Houston Stewart Chamberlain (1855-1927) is an exceedingly strange figure in the history of politics and ideas: a British-born German whose influence bled into Germany and back again to his home. As son-in-law to the famed composer Richard Wagner, he became a dear friend and fanatical admirer of Adolph Hitler and the most aggressive proponent of virulent anti-Semitism ever to come out of England.
He had decided early in life to locate the source of all political and economic evil in the Industrial Revolution, preferring his own made-up vision of what he called “Merry Old England” consisting of a beautiful aristocracy, hard-toiling and thrifty peasants, and patriotic citizens dedicated to preserving the language and race against the commercial forces of modernity. Under these conditions, unlike the demographic mess unleashed by capitalism, women were submissive to the wills of their fathers and husbands, devoted only to furthering the superior race.
His weird 1899 book The Foundations of the Nineteenth Century became a bestseller, many times over, throughout the Continent. Heavily influenced by the racial typologies that were increasingly popular, he described the Jews as mindlessly materialistic and the source of most evil in the modern world.
The Jews, he said, caused the downfall of Rome, for example. He argued that Jesus cannot possibly have been a Jew since all good in the world emanates from the pure Aryan race. Instead, he was “of exceptional beauty, tall and slim with a noble face inspiring respect and love; his hair blond shading into chestnut brown, his arms and hands noble and exquisitely formed.” It was in this book that he laid out his theory that a Jewish plot was afoot to wipe out the Aryan race and turn all Europe into a race of “pseudo-Hebraic mestizos.”
His book, which was printed in eight editions in the first ten years of its publication, and eventually sold as many as 250,000 copies by 1938, catapulted him into the status of a celebrity intellectual. And so his every utterance became gospel for his followers, even his proclamation that the Great War, which he believed the Jews had started, had led England “totally into the hands of the Jews and the Americans” and capitalist machinery.

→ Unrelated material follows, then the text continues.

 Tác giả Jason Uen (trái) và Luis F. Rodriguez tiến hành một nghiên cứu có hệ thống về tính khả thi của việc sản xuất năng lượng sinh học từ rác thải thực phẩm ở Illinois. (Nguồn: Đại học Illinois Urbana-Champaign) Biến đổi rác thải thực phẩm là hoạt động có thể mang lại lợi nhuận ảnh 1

It was in the midst of his fame that he reached out to an emergently powerful Hitler. Hearing that both Hitler and Joseph Goebbels could be counted among his fan base, he wrote Hitler in 1923:
“Most respected and dear Hitler, ... It is hardly surprising that a man like that can give peace to a poor suffering spirit! Especially when he is dedicated to the service of the fatherland. My faith in Germandom has not wavered for a moment, though my hopes were – I confess – at a low ebb. With one stroke you have transformed the state of my soul. That Germany, in the hour of her greatest need, brings forth a Hitler – that is proof of her vitality ... I can now go untroubled to sleep... May God protect you!”
After Hitler’s conviction of high treason following the Beer-hall putsch, Chamberlain stuck by him and kept hope alive. Hitler was touched, and, following Hitler’s release from prison, Hitler paid a visit to Chamberlain in Bayreuth in 1927, accompanied by Goebbels. Chamberlain assured Hitler that he was certainly “the chosen one,” thereupon lifting Hitler’s spirits. The leading Nazi in-house philosopher, Alfred Rosenberg, was perhaps an even greater fan of Chamberlain. An ailing Chamberlain died in 1927, never knowing of the Nazi attempt to deal with the “Jewish problem” he had dedicated his life to exposing.